Un Eldorado ou un Far West où se bousculent hommes politiques, capitaines d'industries, ingénieurs de tous bords, nouveaux colons (sans flingue mais en Jeep), creuseurs artisanaux, travailleurs salariés syndiqués (cas exceptionnels en Afrique). Une sorte de creuset qui ressemble à un volcan en activité.

 

Le film de Thierry Michel, nous emmène dans ce nouveau territoire de la mondialisation économique où la guerre financière est aussi féroce que la guerre armée du Kivu même si elle fait, heureusement, beaucoup moins de morts, mais, hélas, autant d'affamés. Ce que nous montre le réalisateur, outre les capitalistes (de l'Asie à l'Europe en passant par l'Amérique) en accord avec les règles du marché, est une population katangaise luttant pour des salaires et des conditions de travail à peine décents (la mondialisation profite à qui, au juste ?) Thierry Michel démonte surtout les trois axes sur lesquels navigue, avec un art du slalom étonnant, Moïse Katumbi, premier gouverneur élu démocratiquement au Katanga : le capitalisme d'Etat local (la RDC reçoit l'argent et n'est pas en mesure de développer les infrastructures de la province), le capitalisme boursier international (premier retour d'investissement aux financiers. Pour les infrastructures, on verra s'il reste de l'argent) et le Capitalisme d'Etat chinois (se doter des matières premières tout en permettant au Katanga de se doter d'infrastructures rapidement).
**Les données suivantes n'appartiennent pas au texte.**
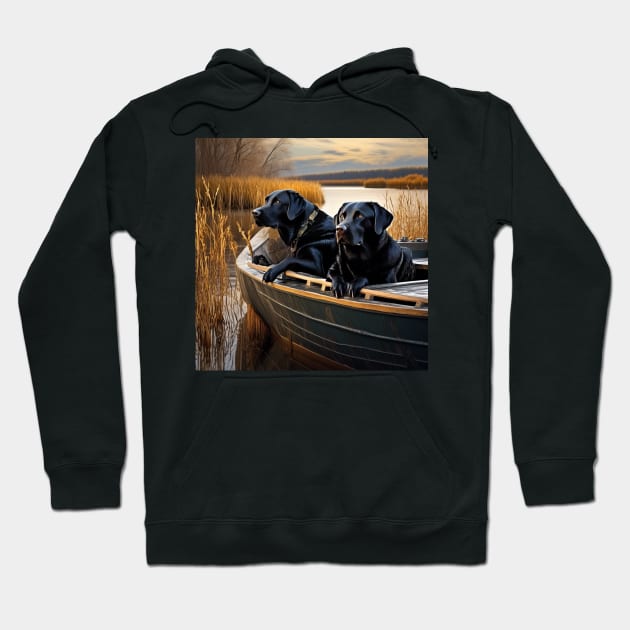 Black Labs on a Boat Hoodie by AnchoredK9s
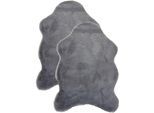 Fellteppich ASTRA "Elda, Kunstfell", grau, B:40cm H:13mm L:60cm, Kunstfaser, Teppiche, Fellteppich, Dekofell im 2 er Set, kuschelweich, Wohnzimmer, Kinderzimmer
Dans ce ballet à la chorégraphie africano-asiatique de la lutte des classes, Moïse Katumbi qui a, en outre, l'avantage d'être un économiste plutôt qu'un politique est une star. Ce Jet Li congolais joue au poker en refoulant les cow-boys chinois du privé tout en acceptant les aides de la République de Chine, en essayant (en vain) de défendre des salariés en grève licenciés par des patrons qui n'aiment pas ça (augmenter les salaires, quelle horreur, on se croirait en Europe), en réduisant le business des mafieux aux frontières particulièrement foireuses de la province (la corruption règne en maître).

Province richissime par son sous-sol, véritable terre promise pour les financiers avides de gains rapides, Thierry Michel, nous montre parfaitement un développement industriel qui a quitté définitivement les naufrages de l'époque coloniale et les tumultes des années post coloniales de Mobutu pour un ailleurs qu'on souhaiterait meilleur sans doute avec le développement durable et le re-développement de l'agriculture.